Wow. I first came across the show when I watched this clip online, and it did not bode well. I was genuinely appalled. High school teachers can’t say things like that to their students. Heck, human beings can’t say things like that to fellow human beings at least not if they plan on having any friends. Although, it actually seems as if Cathy doesn’t.
Cathy’s brother, a holier-than-thou environmentalist hobo who heckles passersby for destroying the planet, accuses her of being judgmental. Her obnoxious teenage son can’t spend two consecutive minutes in her presence and claims she is crazy. She kicks her childish husband, Paul, out of the house and he joins in the Cathy-bashing, calling his wife cruel.
At certain moments, each of these criticisms is valid. When it comes to the lifestyle choices of her trash-eating brother, Cathy is a bit judgmental. Chasing down her son’s bus with a paintball gun to keep him from going away to camp, Cathy is more than a bit crazy. And when she tells off Andrea, Cathy is every bit cruel.
Cruel, crazy and judgmental she may be, Cathy is strangely human in the vulnerable, relatable and (dare I say it?) likeable sense of the word. She makes light of her disease with her doctor, she chooses not to tell her family about the diagnosis and somehow we understand. We understand that Cathy’s catty remarks and erratic behavior (building a swimming pool in her front yard and sunbathing naked in her backyard, for example) are rooted in something painful and serious even if we rarely see it, and even if Showtime has decided that to promote “The Big C” as a comedy.

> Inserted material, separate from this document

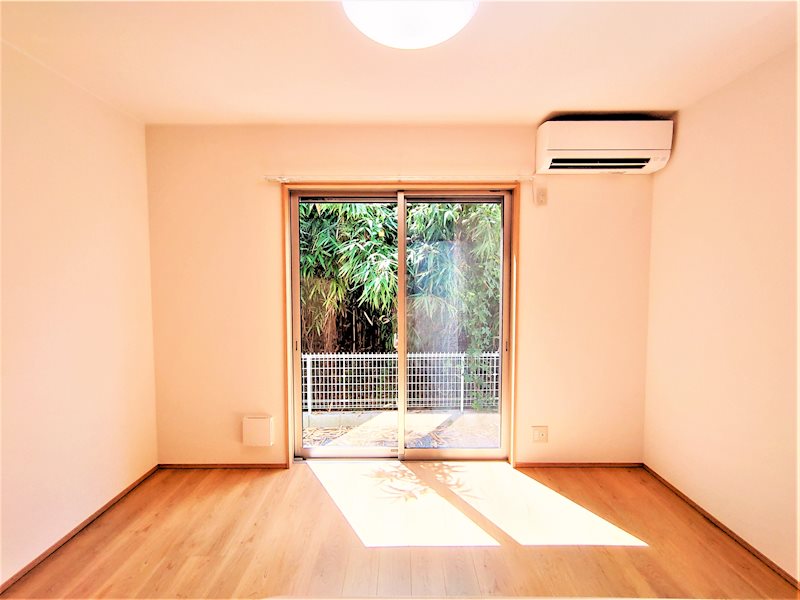 居室・リビング　陽当りの良い空間でご自分の時間を楽しめます。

Mostly, this is Linney. In grace, in spunk, in comic timing, in dramatic tension, the actress is in a league all her own. In fact, the show is worth watching simply to observe how natural Linney appears on screen. In the most ridiculous of situations the aforementioned paintball incident, for instance Linney is utterly, even unquestionably believable. Handed a character who can’t even win the sympathy of her own family members, Linney has created a compelling and interesting person. She’s found a spirit we can empathize with lurking in the recesses of a coldhearted “skinny bitch.” She makes the show watchable, in short.

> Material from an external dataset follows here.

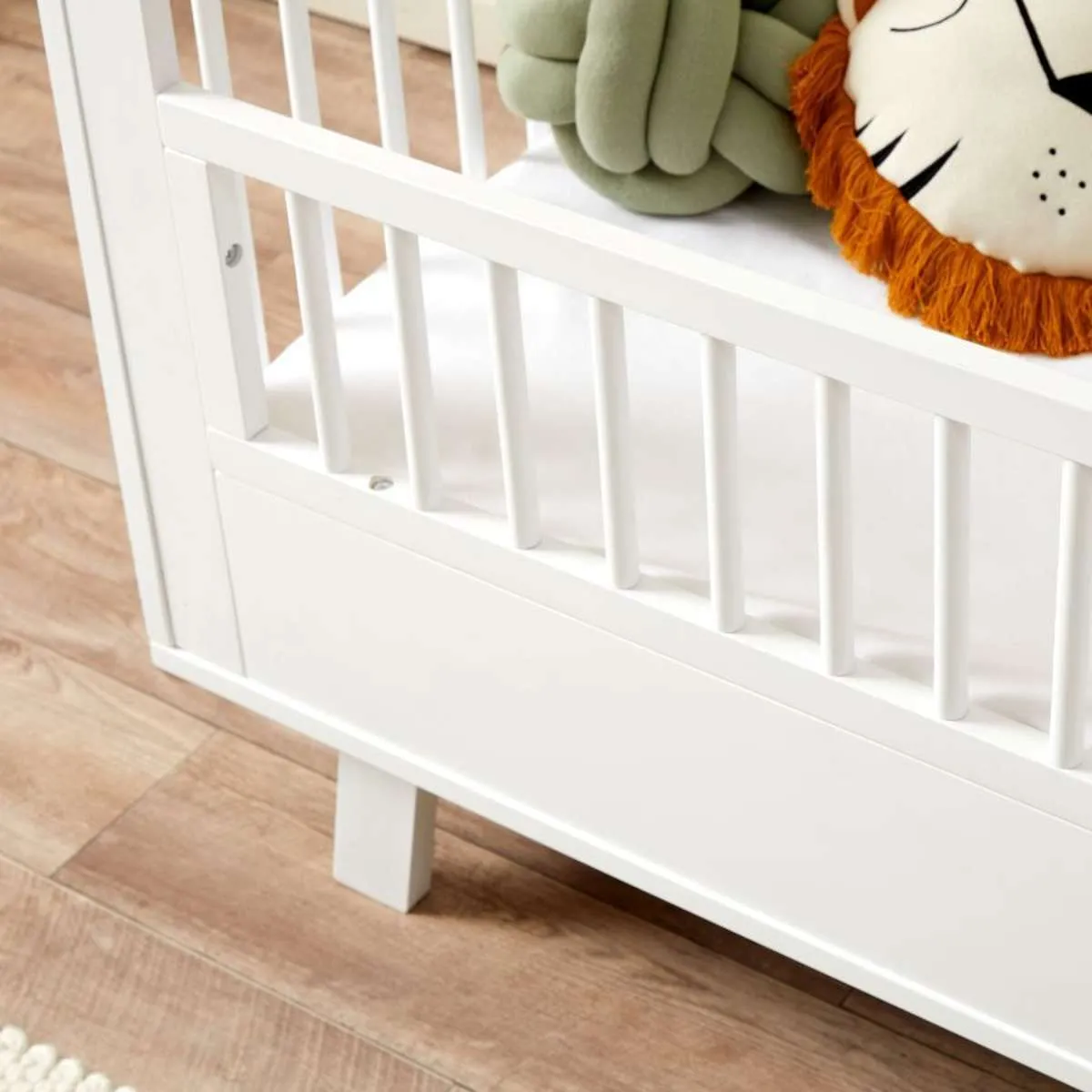 Aspen White 3-in-1 Cot Conversion Bundle Mocka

The writers have helped a bit too, of course. While the first two episodes don’t give Linney a great deal to work with to humanize her character, a scene in the third episode reveals Cathy’s fragile emotional state and the resentment she feels towards her disease. Approached by a duo of casserole-bearing cancer support group do-gooders, Cathy breaks down and addresses her illness seriously for the first time: “In case no one’s told you, cancer’s not a gift. Cancer is not a passport to a better life. Cancer is the reason I’m not going to have my life. I’m not gonna watch my son get married, I’m not gonna see my grandchildren, so excuse me for not squeezing out a smile. You know, we walk around with this grayness inside of us and you want to pretend that we’re bright and shiny and full of possibilities. Well count me out, because cancer sucks. Put that on your goddamn inspirational poster.”

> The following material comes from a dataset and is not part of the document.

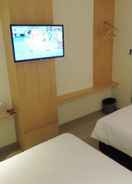 Guest Room Zodiak at Kebon Jati Hotel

Finally, Cathy stops attacking her disease with determined action in place of emotion, stops enlisting front yard swimming pools and other half-baked attempts to carpe diem as she hasn’t before. She stops belittling her disease, laughing it off as a cruel joke. And she stops ignoring it altogether. She’s sad and bitter. Linney’s voice crescendos and breaks, and suddenly, the rest of the show makes sense.